What the task asks
Set the records down again, exactly, without their images.

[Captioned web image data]
══════

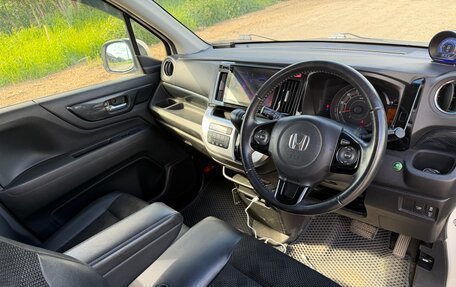Honda N-WGN I рестайлинг, 2015 год, 690 000 рублей, 7 фотография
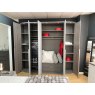 Beadle Crome Interiors Special Offers Nolte Horizon 1000 Wardrobe Clearance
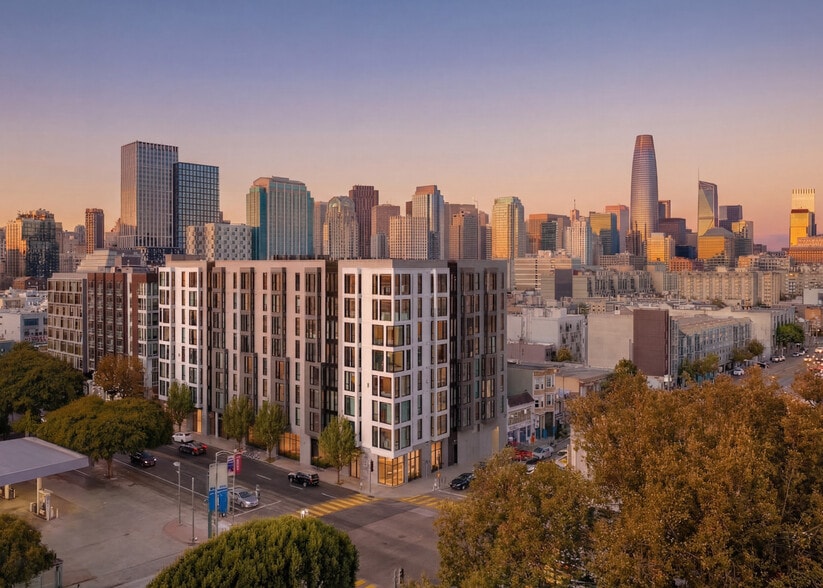 988 Harrison St, San Francisco, CA for sale - Building Photo - Image 2 of 5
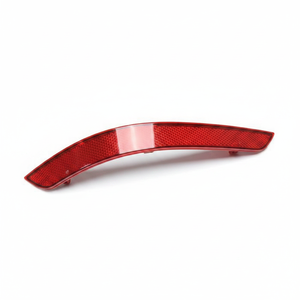 Reflector de parachoques trasero lado derecho para compatible con Volkswagen Caddy 2016 OEM 2K5945106D - Product Image 2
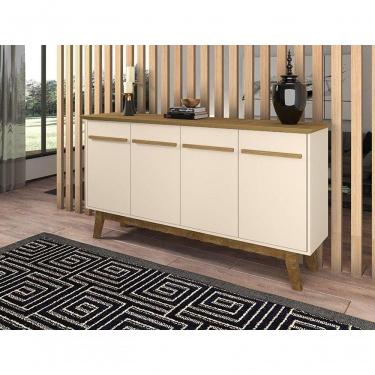 Imagem de Aparador Buffet Opala Cinamomo Off-white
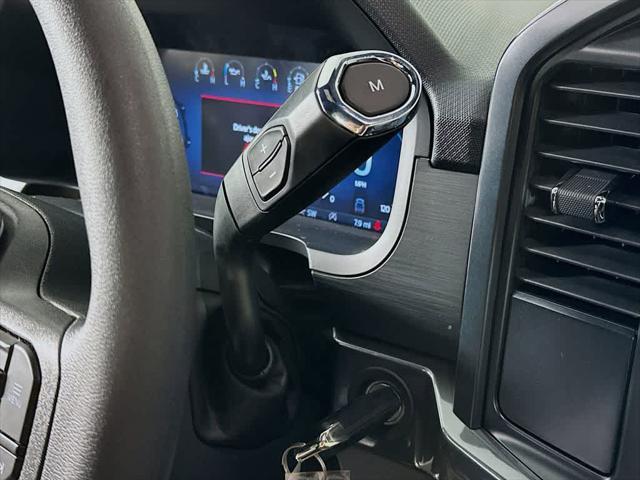 new 2025 Ford F-150 car, priced at $39,545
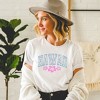 Simply Sage Market Women's Hawaii Varsity Grunge Short Sleeve Graphic Tee - 2 of 3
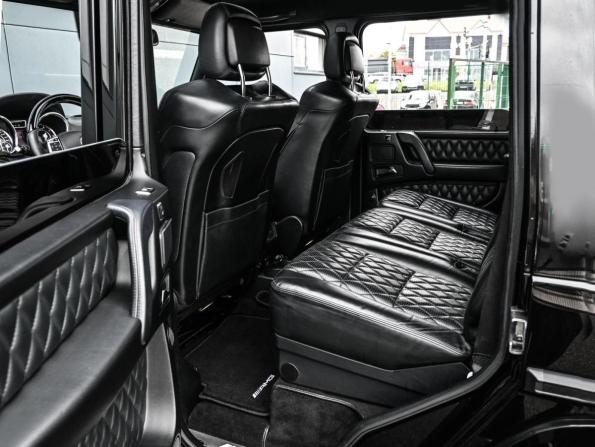 Mercedes-Benz G-Класс AMG I (W463) Рестайлинг 2 с пробегом 2015 года, цена 5 799 900 рублей, 124369 км, внедорожник, Автокод Объявления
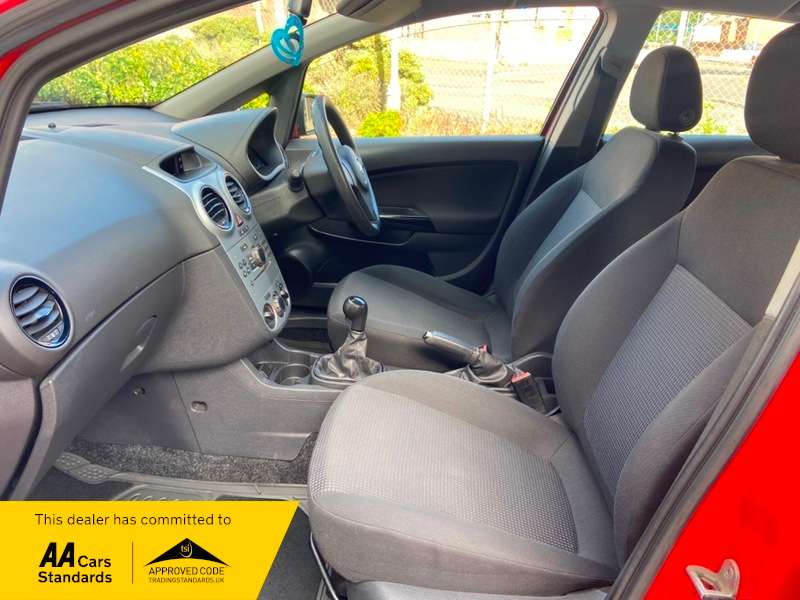 2013 VAUXHALL 2013 VAUXHALL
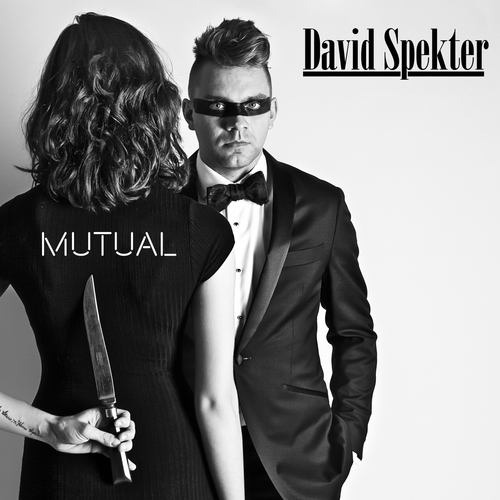 Mutual Cover Art Blurred Background
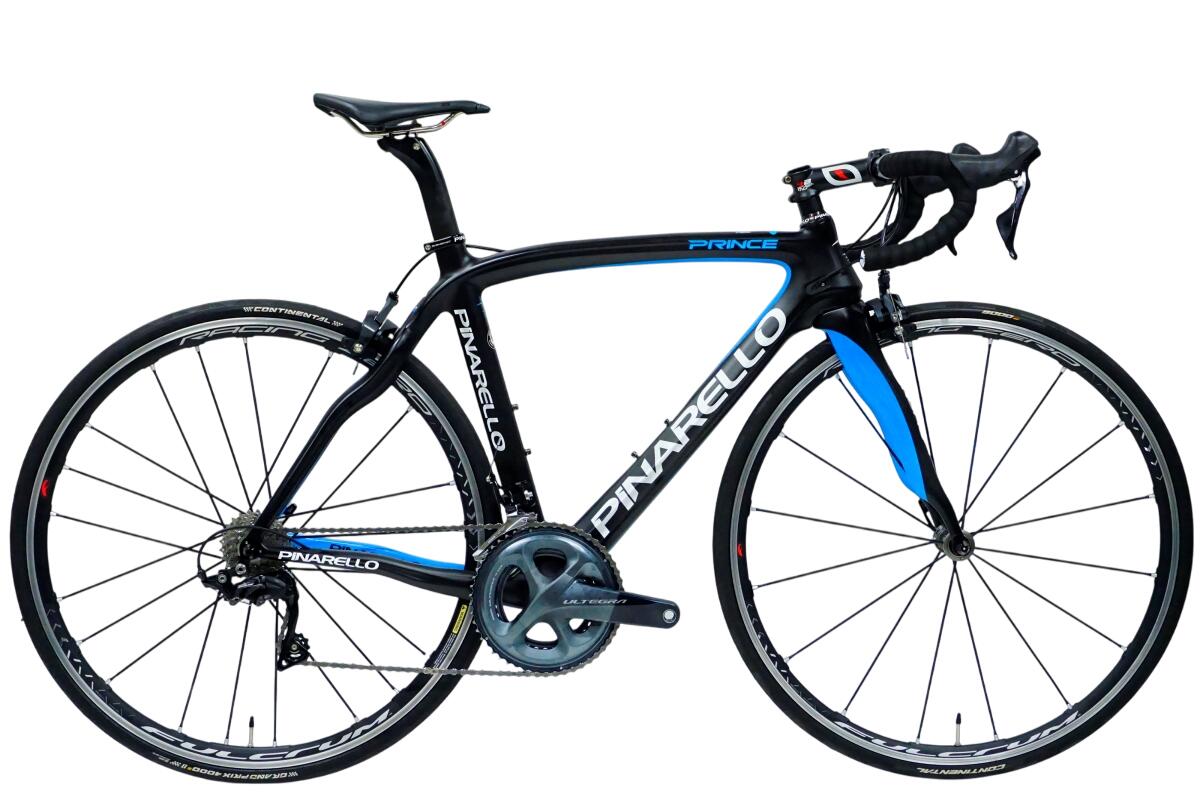 【中古】 PINARELLO 「ピナレロ」 PRINCE 60.3 2017年モデル ロードバイク / バイチャリ名古屋大須店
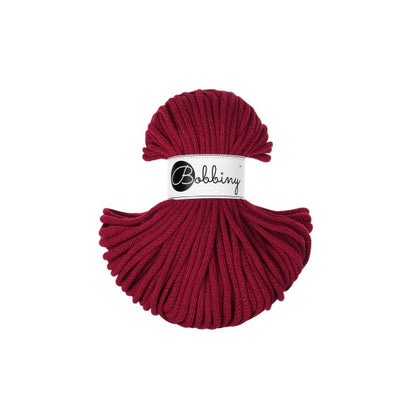 Cuerda trenzada 5 mm Bobbiny (50 metros)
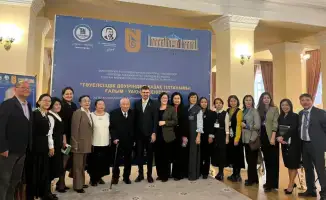 Победа карагандинских преподавателей на конкурсе подчеркивает важность цифровизации казахского языка в образовательной сфере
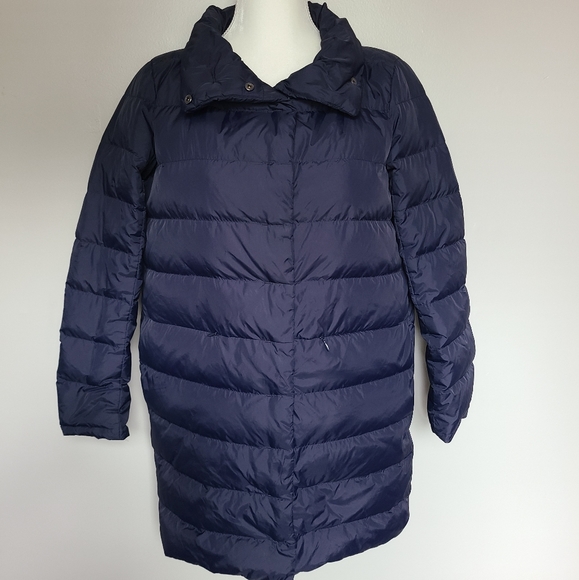 eileen fisher puffer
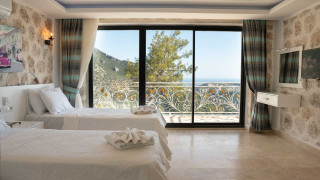 VKV9886 Villa Kalkan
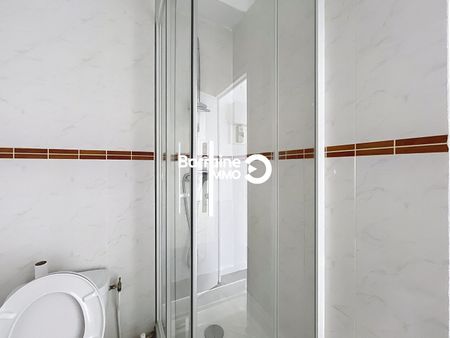Location appartement à Brest 21.26m² - Photo 2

══════

Final answer
Honda N-WGN I рестайлинг, 2015 год, 690 000 рублей, 7 фотография
 Beadle Crome Interiors Special Offers Nolte Horizon 1000 Wardrobe Clearance
 988 Harrison St, San Francisco, CA for sale - Building Photo - Image 2 of 5
 Reflector de parachoques trasero lado derecho para compatible con Volkswagen Caddy 2016 OEM 2K5945106D - Product Image 2
 Imagem de Aparador Buffet Opala Cinamomo Off-white
 new 2025 Ford F-150 car, priced at $39,545
 Simply Sage Market Women's Hawaii Varsity Grunge Short Sleeve Graphic Tee - 2 of 3
 Mercedes-Benz G-Класс AMG I (W463) Рестайлинг 2 с пробегом 2015 года, цена 5 799 900 рублей, 124369 км, внедорожник, Автокод Объявления
 2013 VAUXHALL 2013 VAUXHALL
 Mutual Cover Art Blurred Background
 【中古】 PINARELLO 「ピナレロ」 PRINCE 60.3 2017年モデル ロードバイク / バイチャリ名古屋大須店
 Cuerda trenzada 5 mm Bobbiny (50 metros)
 Победа карагандинских преподавателей на конкурсе подчеркивает важность цифровизации казахского языка в образовательной сфере
 eileen fisher puffer
 VKV9886 Villa Kalkan
Location appartement à Brest 21.26m² - Photo 2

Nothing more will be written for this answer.